Instructions to follow → Nothing but the lines below from the one that contains "продам полносью рабочий iphone 12 mini" through the one that contains "ZAPATILLAS CL&Aacute;SICAS CON" should be retyped, exactly and including both ends. Do not include pictures.

Material to process →
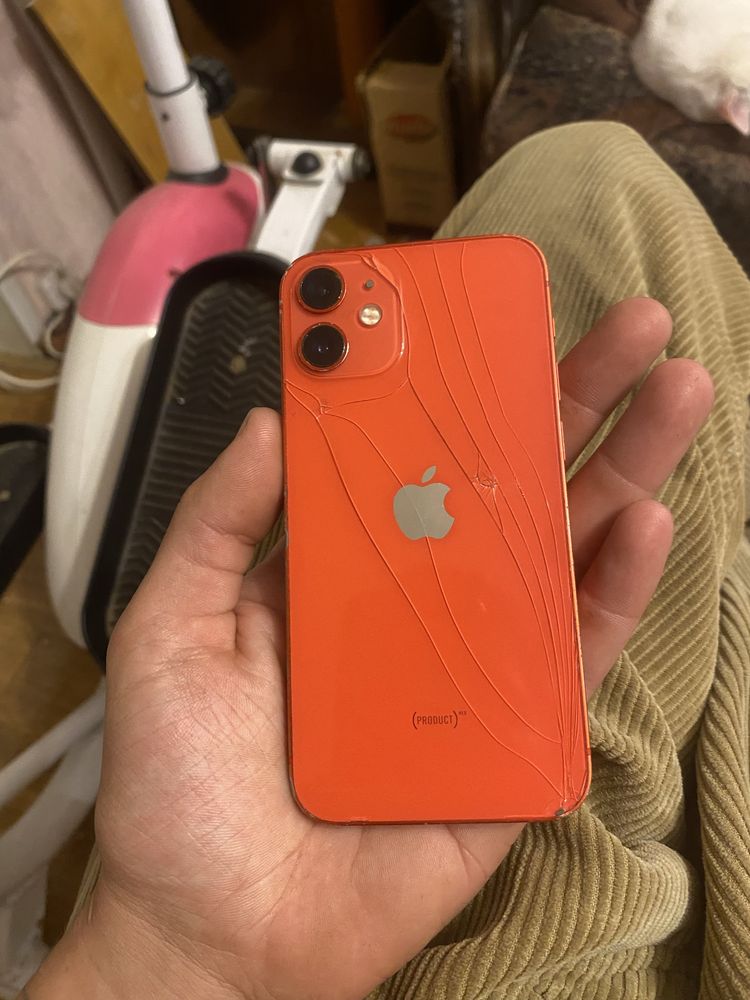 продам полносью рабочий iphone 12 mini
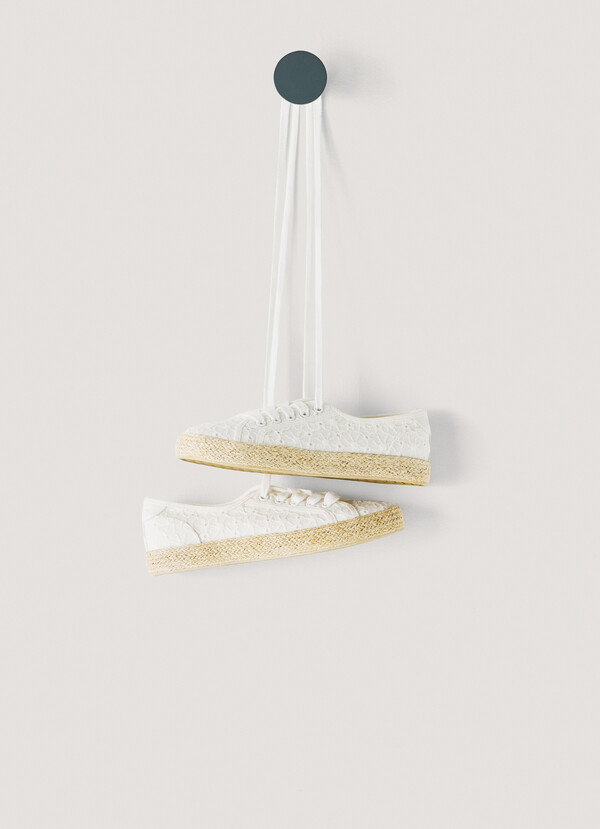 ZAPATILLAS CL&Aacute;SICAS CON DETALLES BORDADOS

==

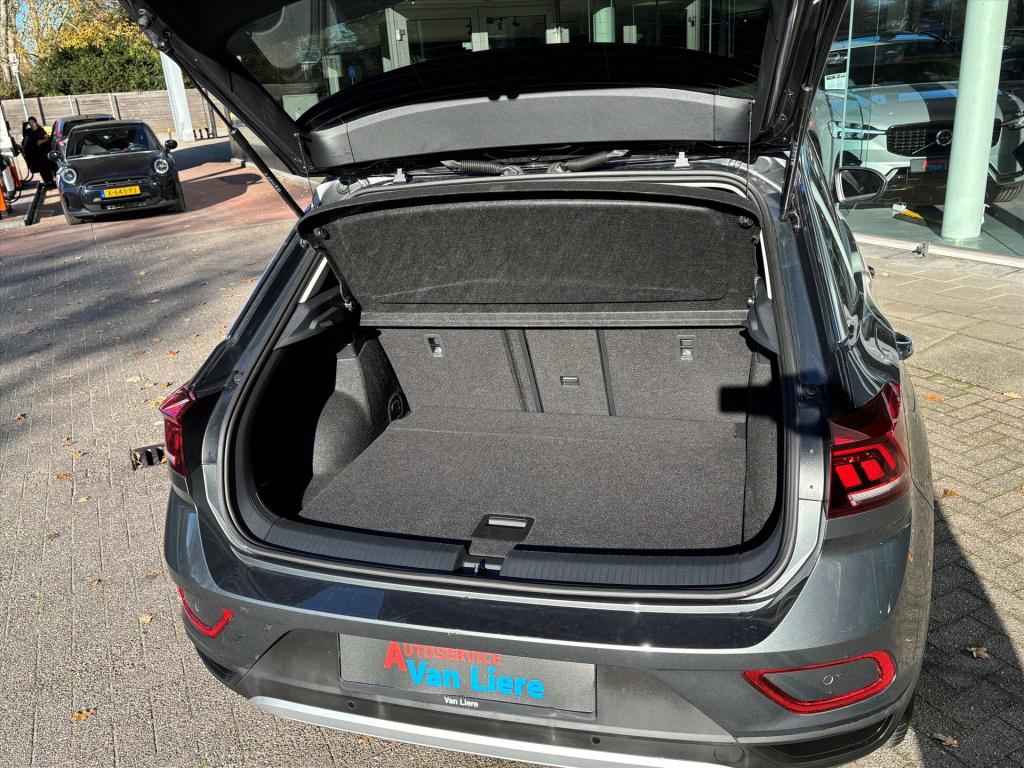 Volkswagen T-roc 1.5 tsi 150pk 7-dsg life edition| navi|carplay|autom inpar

Task response →
 продам полносью рабочий iphone 12 mini
 ZAPATILLAS CL&Aacute;SICAS CON DETALLES BORDADOS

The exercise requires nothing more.